TASK DIRECTIONS:
As an exercise, transcribe the data below in full and exactly, omitting pictures.
===== RAW DATA =====
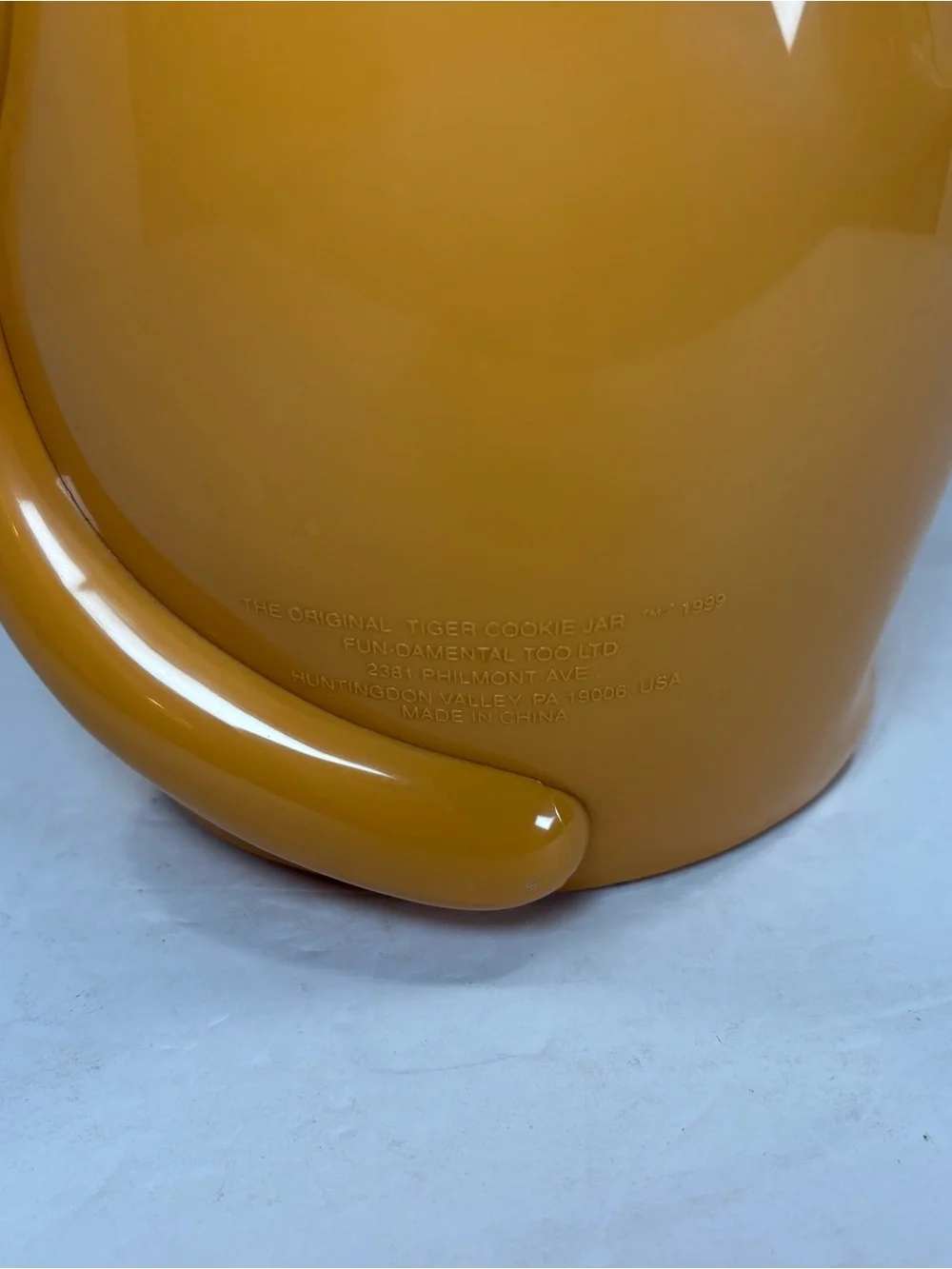 Vintage 1999 The Original Tiger Cookie Jar Roaring Talking Lion ● Working GREAT!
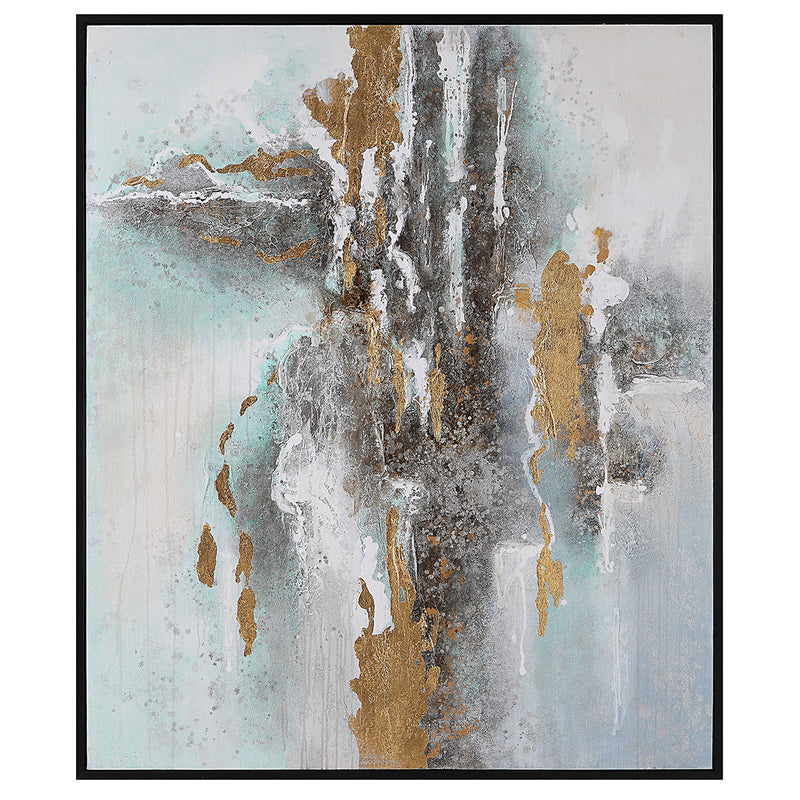 41462 Mountain Mist Hand Painted Canvas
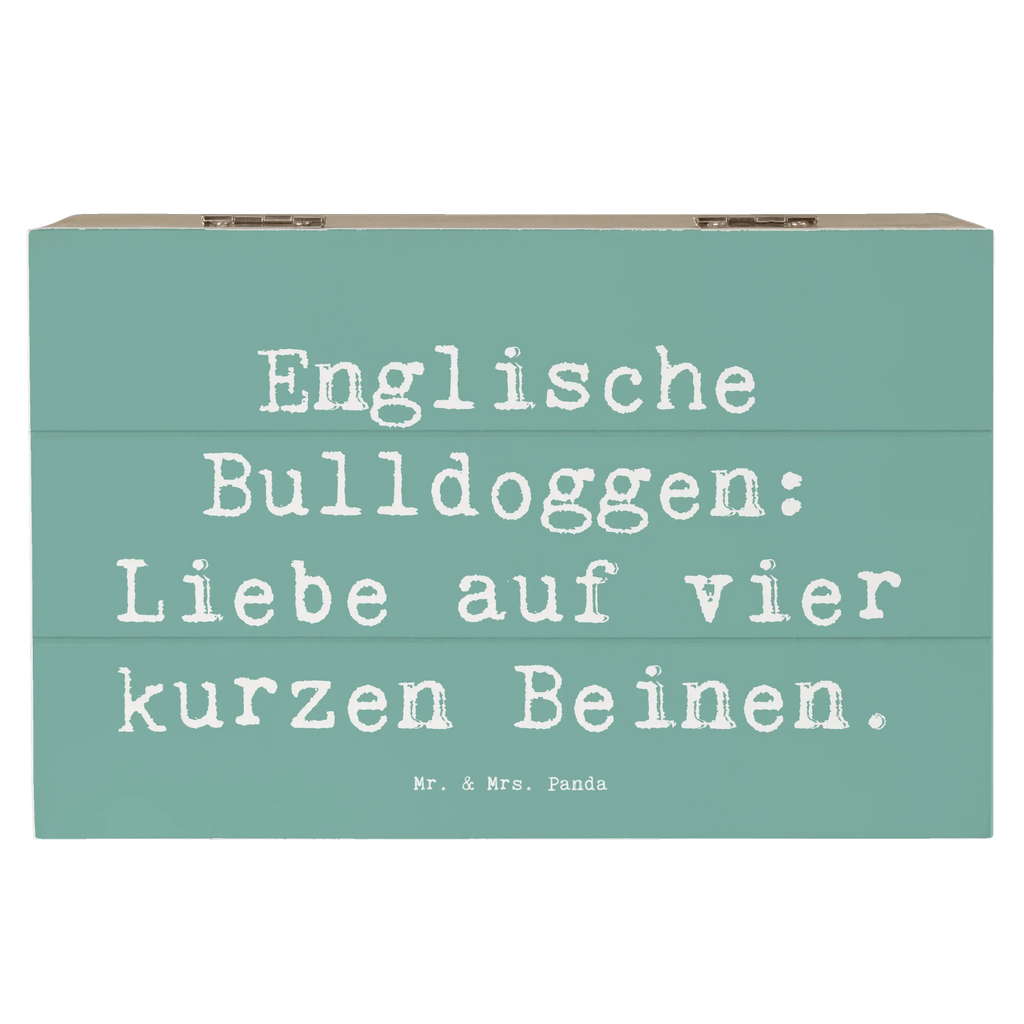 Holzkiste Spruch Englische Bulldogge Liebe Holzkiste, Kiste, Schatzkiste, Truhe, Schatulle, XXL, Erinnerungsbox, Erinnerungskiste, Dekokiste, Aufbewahrungsbox, Geschenkbox, Geschenkdose, Hund, Hunderasse, Rassehund, Hundebesitzer, Geschenk, Tierfreund, Schenken, Welpe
=====
SOLUTION TO THIS TASK:
 Vintage 1999 The Original Tiger Cookie Jar Roaring Talking Lion ● Working GREAT!
 41462 Mountain Mist Hand Painted Canvas
 Holzkiste Spruch Englische Bulldogge Liebe Holzkiste, Kiste, Schatzkiste, Truhe, Schatulle, XXL, Erinnerungsbox, Erinnerungskiste, Dekokiste, Aufbewahrungsbox, Geschenkbox, Geschenkdose, Hund, Hunderasse, Rassehund, Hundebesitzer, Geschenk, Tierfreund, Schenken, Welpe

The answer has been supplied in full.